Right, so your mum loaned you money. You were aware of this, but your DP was not. You had the money paid into your DPs bank account. Did you ever discuss where that money had come from? Did he know that it was a loan?
Are you currently making payments? Were you making payments before your mum took you to court?
Are the payments all that you can both afford, or just you? When you send your income sheet, did you include his income?
From what you've said, he seems to believe that this was a gift from your mother, whereas you imply that you knew it was a loan all along.
Your partner could attend mediation, but as he is denying that the money was a loan, he wouldn't be expected to agree a payment plan. You could, as you are accepting that it was a loan.
Your defence here will be interesting because you could undermine each others' cases. Essentially, you are saying that it was a secret loan that you had paid to his account - did you have plans to pay it back? Was it intended to be paid back in one go, or in payments, and if in payments, are you paying the correct amount or are you now paying less?

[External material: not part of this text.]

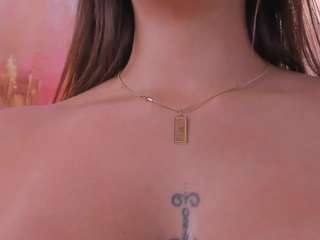 le modèle mariamrivera est en webcam porno dans un show sur le site camsoda, il possède les tags suivants: amateur,ass,thong,tease,tattoos,student,strip,solo,shaved-pussy,pussy,orgasm,office,living-room,lingerie,flashing,fingers,feet,dildo,brown-eyes,blowjob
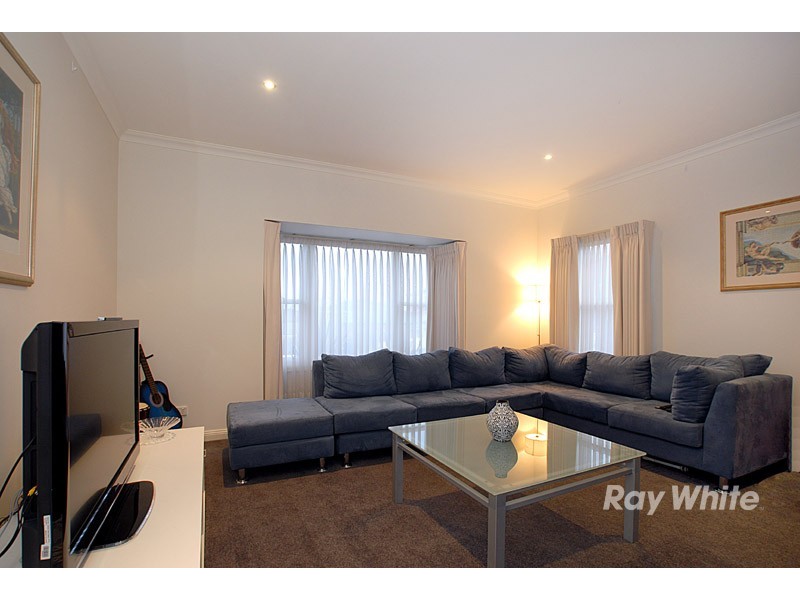 11 Ferncroft Court, Berwick VIC 3806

His defence would be that he wasn't aware that it was a loan, and wouldn't have accepted it if he had. If this goes in his favour and he can prove it satisfactorily, he may not be liable for further payments. That would mean that you were liable for the whole amount. In reality, it'll hit you both anyway - he'll be expected to cover more of the household costs so you can make repayments, if you have separate incomes, and the payments will be calculated from your household income if not.